### INSTRUCTIONS TO FOLLOW:
Please, without any pictures, set down exactly the part of the listing below that opens with the line containing "Gebraucht BMW 316" and closes with the line containing "2967 Mcculloch Road, Kelowna, BC".
# # # #
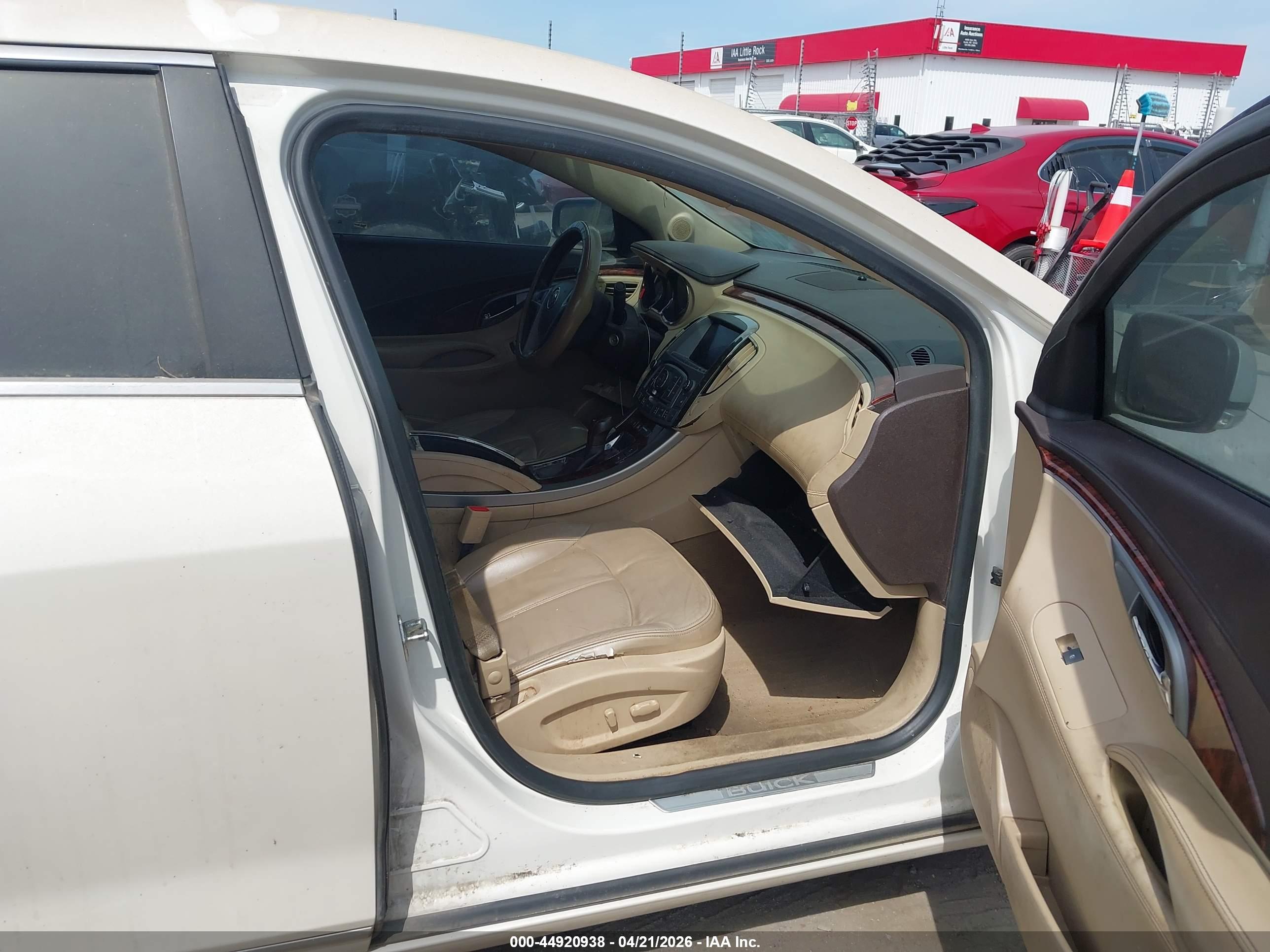 BUICK LACROSSE image 5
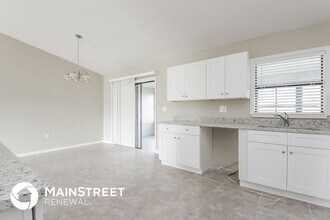 604 Basingstoke Ct in Kissimmee, FL - Foto de edificio - Building Photo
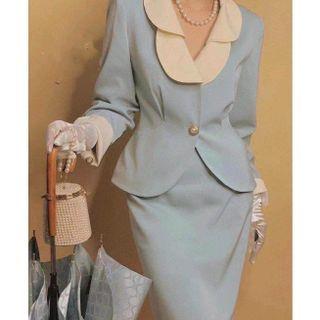 Contrast Trim Blazer / Faux Pearl Belt / Midi Pencil Skirt / Set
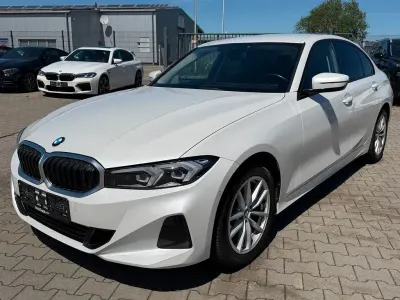Gebraucht BMW 316 Shadowline 122 PS (89 kW) 2022 Weiß Limousine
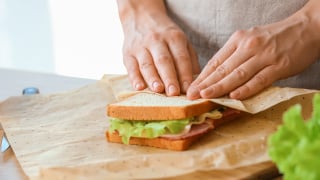 Nem frango, nem atum: o melhor recheio para sanduíche natural é feito com essa proteína maravilhosa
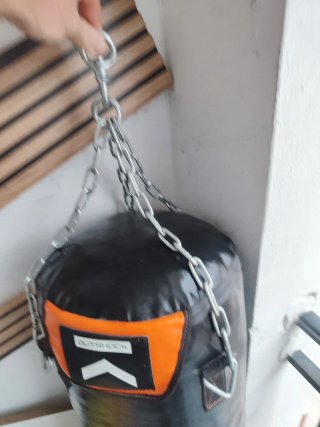 Saco de boxeo OUTSHOCK nuevo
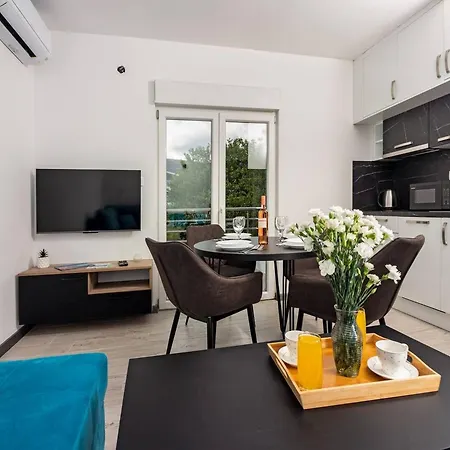 Modern With Private Balcony Apartamento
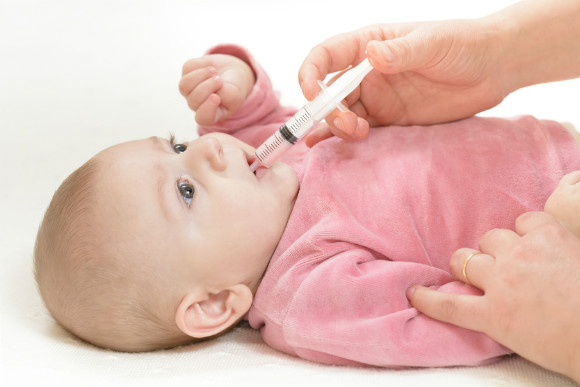 ロタウイルスワクチン経口を飲む赤ちゃん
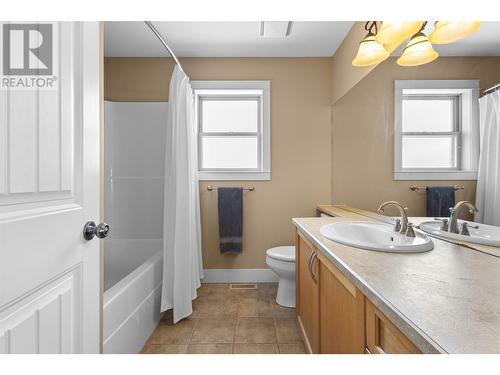 2967 Mcculloch Road, Kelowna, BC - Indoor Photo Showing Bathroom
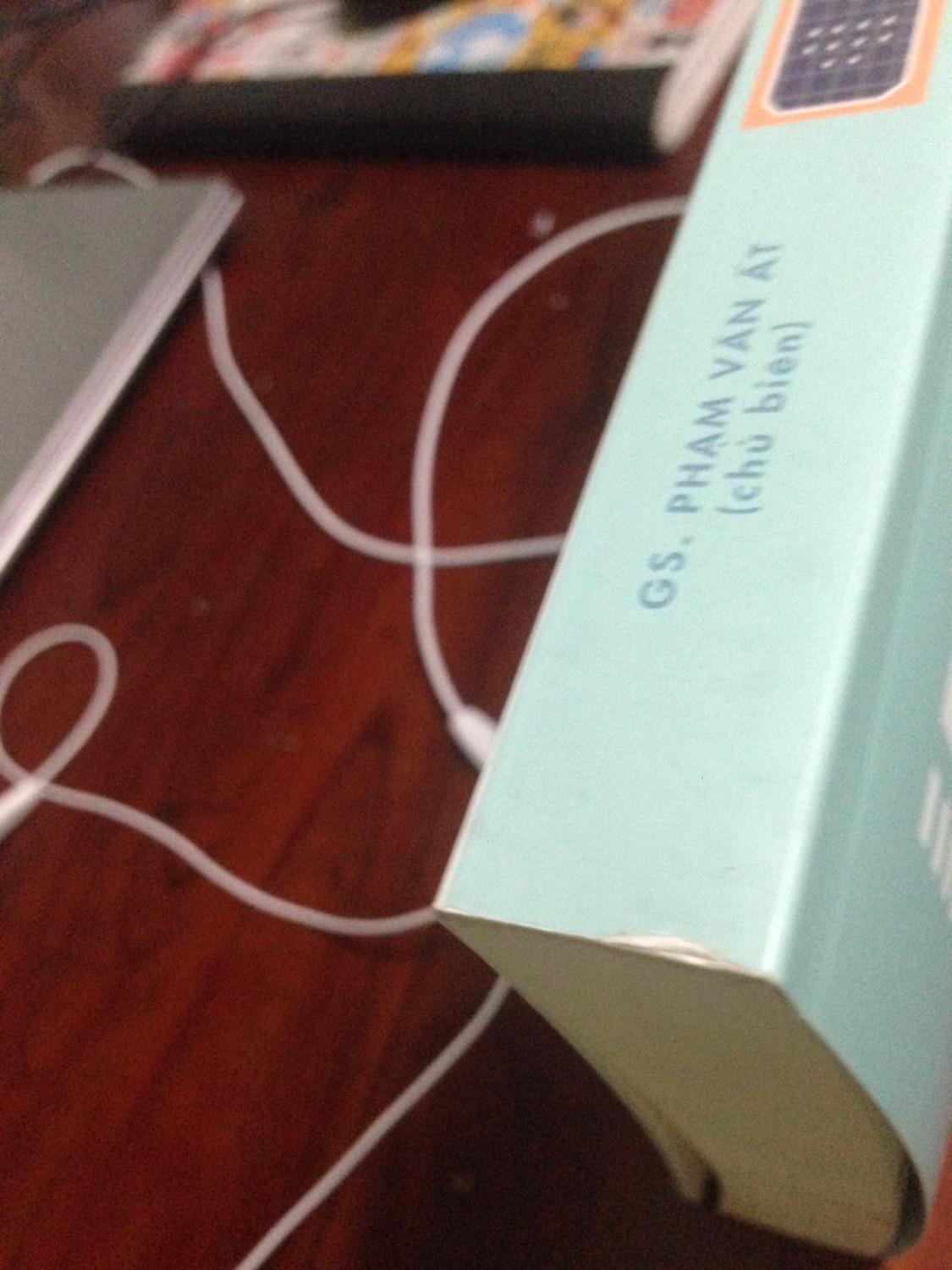 Mình đặt mua vào đợt sale nên cuốn chỉ có giá 40k. Nhưng đây là lần đầu tiên mình thật sự thất vọng khi mua sách của Tiki. Những lần trước đó, Tiki bao sách rất cẩn thận, và trung bình thì khoảng 2-3 ngày là đã gửi đến cho mình. Nhưng lần này sách bị quăn góc, việc này làm mình không hài lòng, cộng thêm việc giao hàng chậm hơn dự kiến 2 ngày. Mong Tiki chú trọng hơn trong những đợt sau.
# # # #
### SOLUTION:
Gebraucht BMW 316 Shadowline 122 PS (89 kW) 2022 Weiß Limousine
 Nem frango, nem atum: o melhor recheio para sanduíche natural é feito com essa proteína maravilhosa
 Saco de boxeo OUTSHOCK nuevo
 Modern With Private Balcony Apartamento
 ロタウイルスワクチン経口を飲む赤ちゃん
 2967 Mcculloch Road, Kelowna, BC - Indoor Photo Showing Bathroom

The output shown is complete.